His refusal to subscribe to Marxism was not the main charge against
him. What he could not accept was “that this world is divided into an American
imperialism and a socialist camp led by the Soviets, [...] I rejected this
alternative fiercely and bitterly, unable to accept the inevitability of
this option even at the risk of finding myself alone in the wilderness.”32
Elimination
In 1947 Bibó’s gradual elimination had started; but it was only
after 1948 that his career really began to plummet spectacularly. Of the
documents—split into two sets in view of the chronological limits—I
wish to draw special attention to those which illustrate the panic of an
administration gone berserk, and to those which throw light on a tyranny
which was playing ball with human beings (Docs. 146–149, pp. 370–373).
Step by step, István Bibó was losing his place in the
academic world (Docs. 143–144, p. 369; Docs. 156–159, pp. 415–417). Once
he began to experience ideological orders, he was only too ready to give
it up (p. 261; Doc. 227, p. 674). In his capacity as Minister of Religion
and Education, his friend Gyula Ortutay could, or dared, offer him only
the job of organizing the Hungarian UNESCO committee (Doc. 145, p. 370).
As he put it, the Eastern European Institute, which he had transformed
as government commissioner and acting chairman, came to be re-organized
so as to “pull it out from under me”
(p. 263; Doc. 149, pp. 372–373). At the Academy he was reclassified
to a consultant member: in other words, to a nobody (Doc. 156, p. 370).
He set out to re-think regions as units of public administration, one of
his pet projects (Doc. 150, pp. 374–377), yet the one department of the
Regional Planning Institute, where he could have done meaningful work (p.

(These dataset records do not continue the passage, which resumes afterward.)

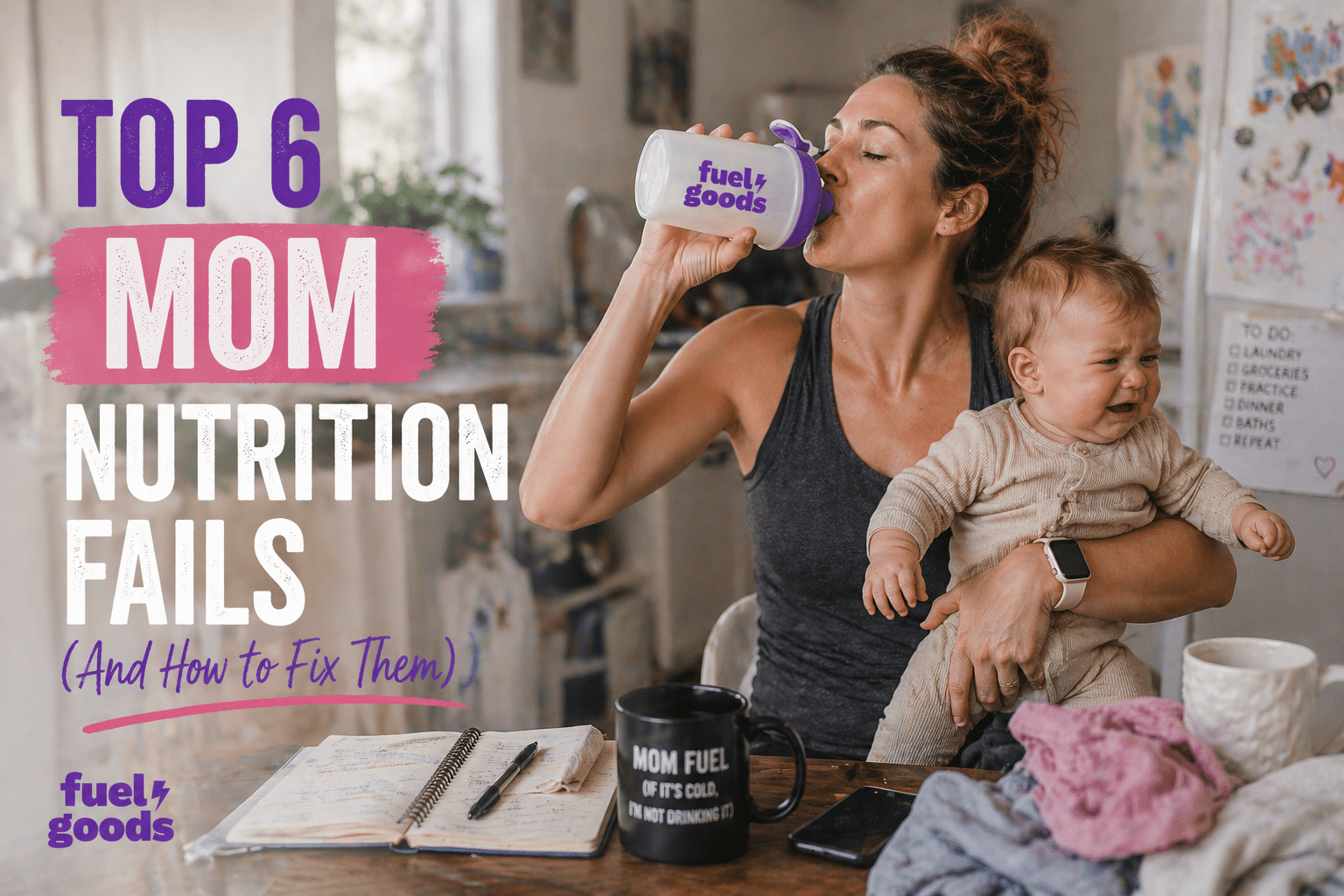 Top 6 Mom Nutrition Fails (And How to Fix Them) - Fuel Goods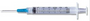 Syringe with Hypodermic Needle PrecisionGlide 3 mL 23 Gauge 1 Inch Detachable Needle Without Safety, 100bx, 800/cs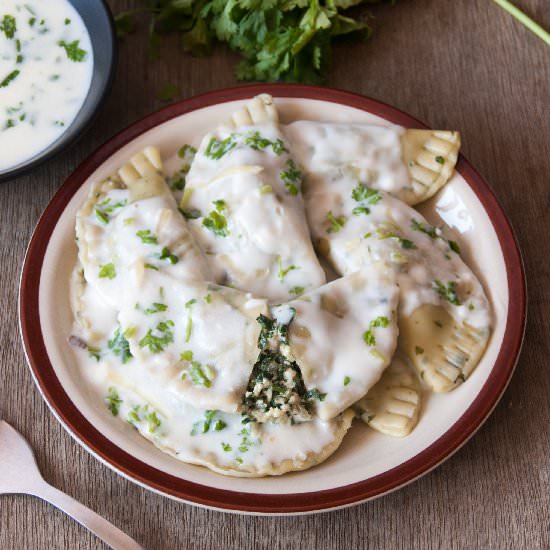 Herb Pasta Crescents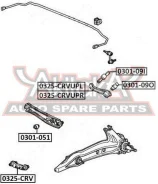 ����������� ������� ������� ����������� ������ Honda Civic EJ 1993-2001 ASVA 0301-051 0301051 ����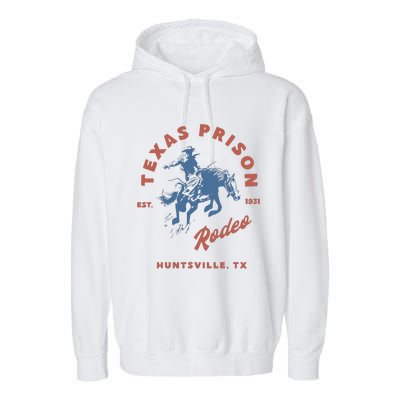 Texas Prison Garment-Dyed Fleece Hoodie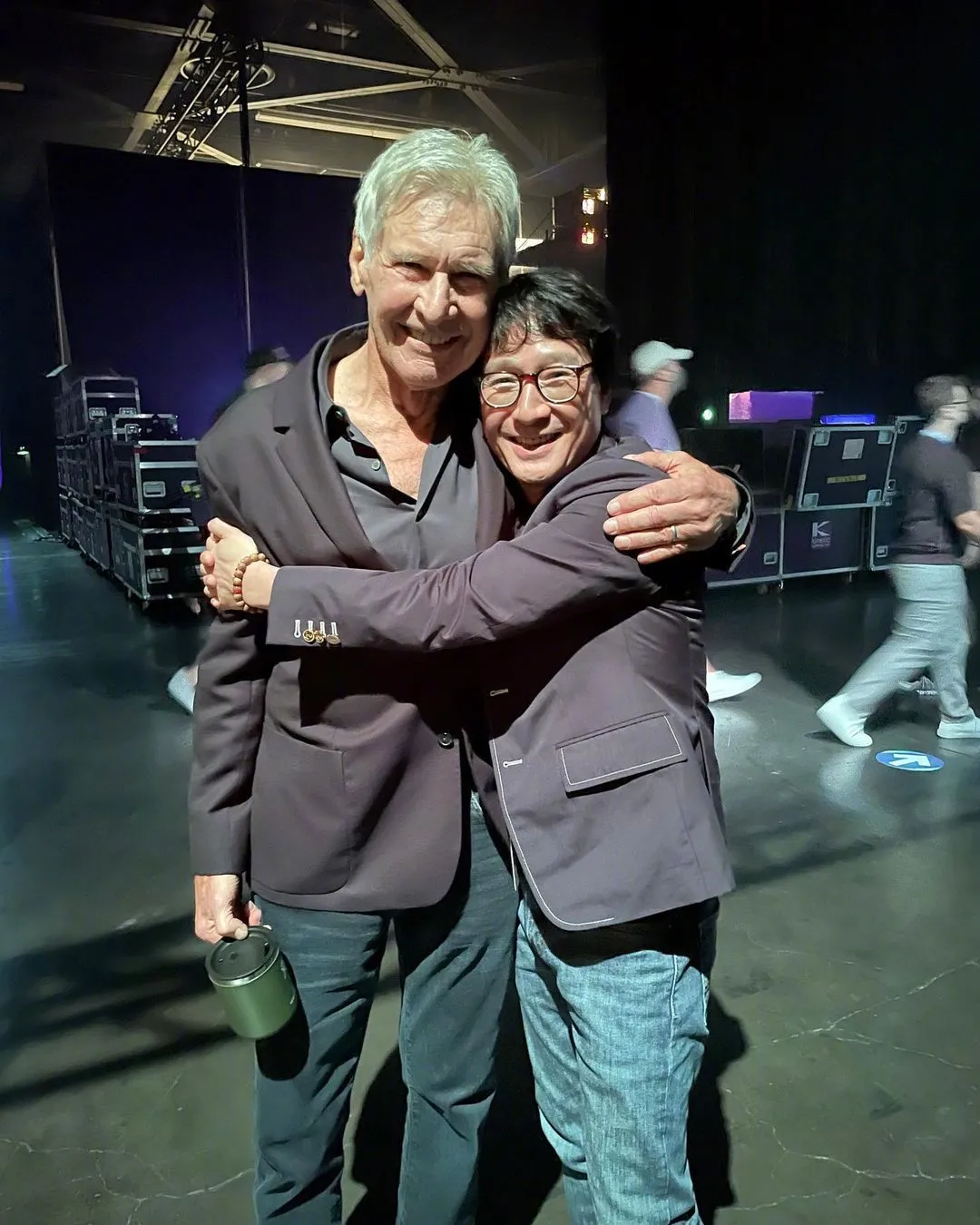 'Indiana Jones 2': Harrison Ford and Jonathan Ke Quan reunite at D23 Expo after 38 years | FMV6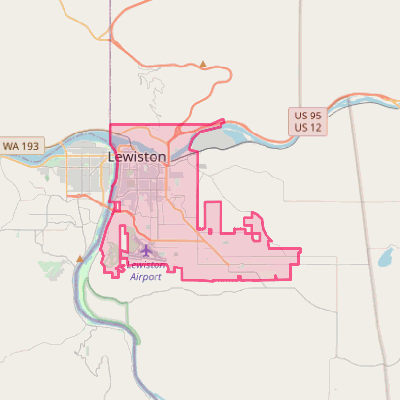 Map of Lewiston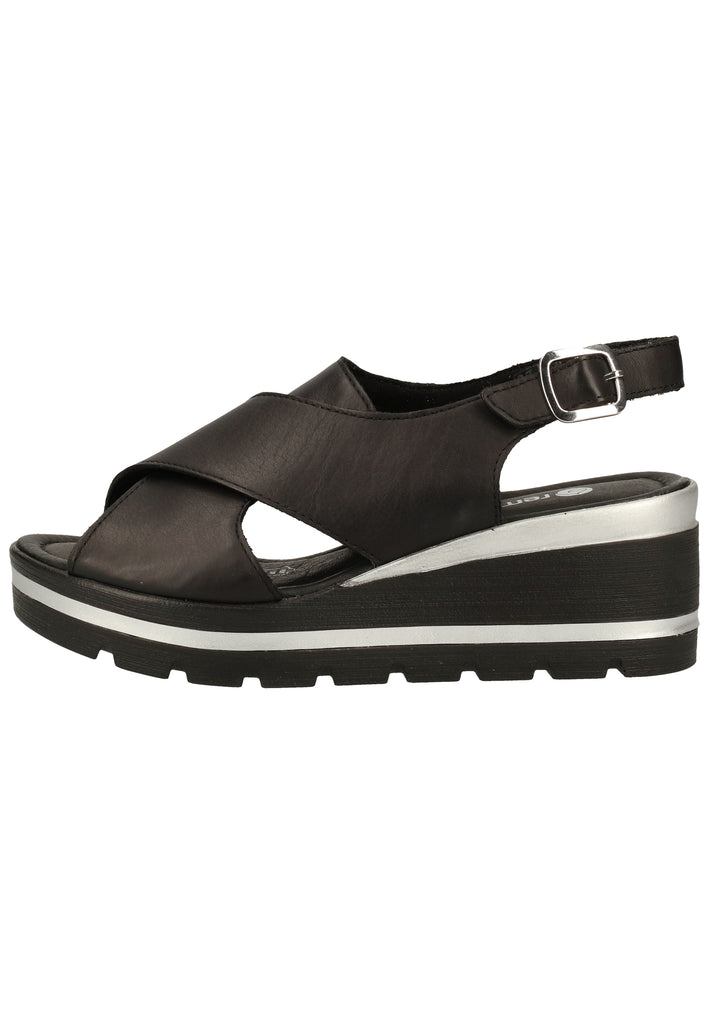 Remonte Sandalen Lederimitat Schwarz - surf4shoes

391) was never actually set up (Doc. 149, pp. 372–373). By
the end of 1950 he was out of work (Doc. 160, pp. 417–418); he ended up
working as a cataloguer in the University Library. A year later Boriska
Ravasz lost her job, too; and when she eventually found employment at an
elementary school in suburban Szentendre, she had to get up at five o’clock
every morning, leaving her three children at home, one seriously ill. (Docs.
233–235, pp. 694–696). The couple’s income was cut by half (p. 392).
Bibó was already in prison by the time the first article he
had meant for an international audience was published.33 As soon as he
was released in 1963, he started working on his great comprehensive work,
A nemzetközi államközösség bénultsága
(The Paralysis of the International Relations and the Remedies). Then,
in 1970–1971, his first heart attack appears to have prompted him to start
smuggling his manuscripts out of the country.34 His correspondence reveals
that he did not wish to be seen as one of the central figures of the 1956
Revolution, but this wish was not rooted in caution. What he would have
liked to achieve with publication was “... to present himself to the public
abroad as interested in political journalism independent of the part he
played in ’56 and the manifestos he wrote.” (Doc. 200, p. 595) “To put
it differently, I wrote the work for the UN crowd: that hodge-podge of
diplomats and functionaries in whose circles some sort of a UN public opinion
was formed.” (ibid. p. 593) To that end, he was prepared to resort
to conspiracy, cunning, and secrecy. (ibid. p. 587.; pp. 596–597)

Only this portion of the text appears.